Votorantim gets cold feet in Chile

 Votorantim gets cold feet in Chile
01 December 2017

This week saw a change in the stakeholder share in Chilean producer Cementos Bio Bio with Brazil-based Votorantim selling 13.1 per cent of the shares in the company to the Briones family. The divestment leaves Votorantim with an approximately 3.6 per cent stake in the Chilean cement producer, while the Briones family sees its interest increase to 39.52 per cent. The move signals that Votorantim is looking to extract itself from a market that no longer appears attractive to the Brazilian major.

Industry under pressure
With cement demand declining in Chile (-9 per cent fall over the first nine months of 2017), the domestic cement industry has been under pressure. Cementos Bío Bío has suffered to the extent that it ceased clinker production at its Talcahuano plant in July and made 40 redundancies. The company's 3Q17 results have seen revenues fall by 9.8 per cent to CLP199.721bn (US$310.5m) when compared with 3Q16. Third-quarter pretax profits were down 42.2 per cent YoY to CP11.356bn. 

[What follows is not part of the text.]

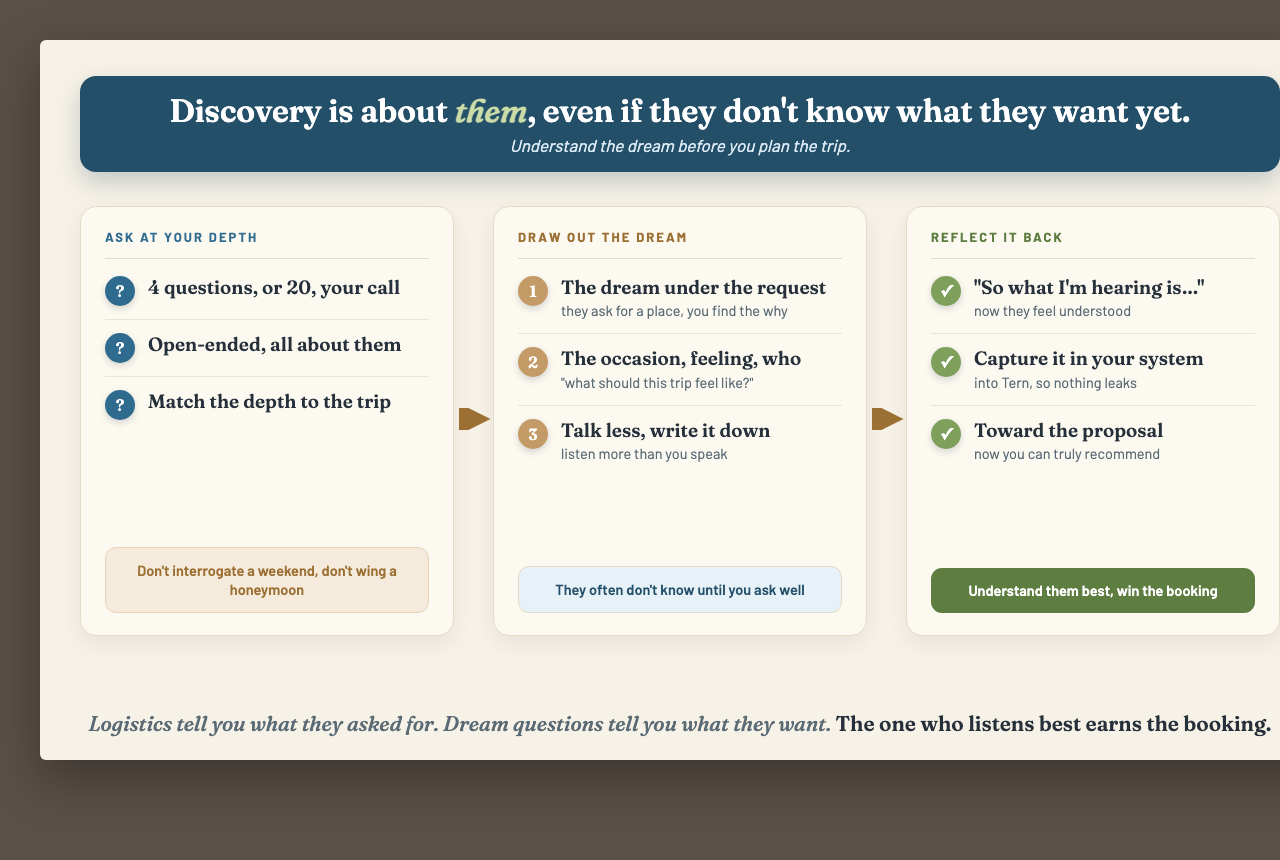 The discovery conversation: ask at your depth (4 questions to 20, open-ended, matched to the trip), draw out the dream (the why under the request, the occasion and feeling, talk less and note it), then reflect it back (so what I'm hearing is, capture in Tern, toward the proposal)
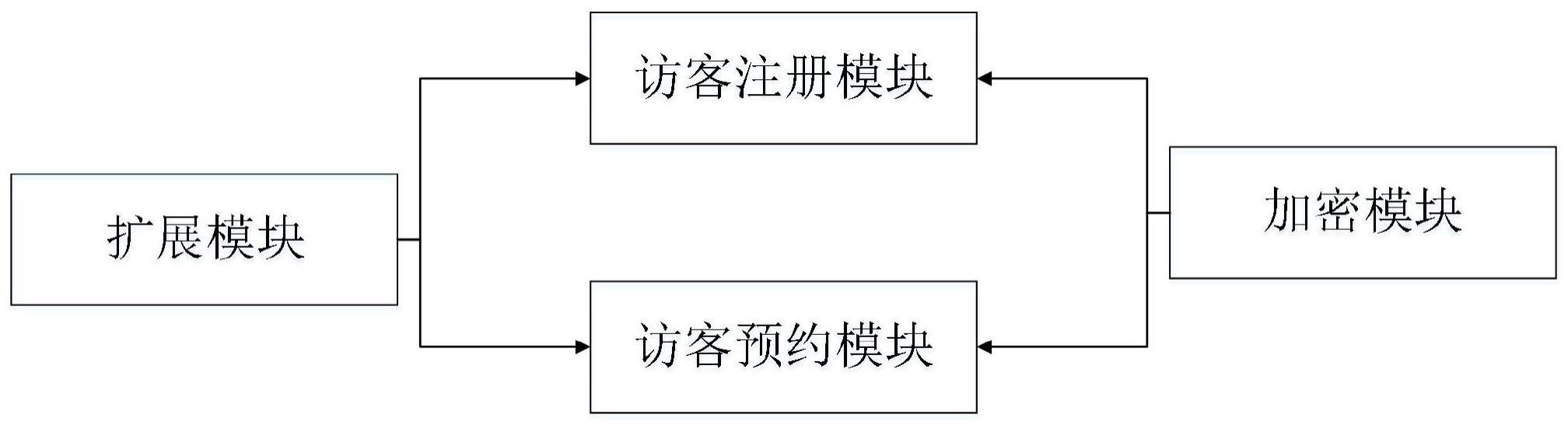 一种访客系统及访客系统加密扩展方法与流程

Meanwhile, the Peruvian Brescia family, which owns Cementos Melon, has indicated that the company's decline in profits from January to September 2017 resulted from lower cement and concrete dispatches due to the contraction of Chile's construction market. Cementos Melon’s profits at CLP5bn were 56.8 per cent lower than the CLP11.59bn recorded in the same period last year. The producer has since looked to reduce production costs to safeguard margins.

And Votorantim is not the only overseas cement producer getting cold feet. Votorantim’s move to virtually exit Chile follows that of another multinational pulling out of this market. LafargeHolcim had announced it would divest its majority stake in Cemento Polpaico in October 2016.

Family businesses seize gap in the market
The departure of two multinationals in a relatively-short period of time has seen domestic family businesses seize the opportunities on offer. Hurtado Vicuña and its subsidiary Inversiones Caburga Ltda, which had interests in Cementos Bicentenario SA (BSA), agreed to buy the LafargeHolcim stake, leading to a majority interest of 54.3 per cent in Polpaico.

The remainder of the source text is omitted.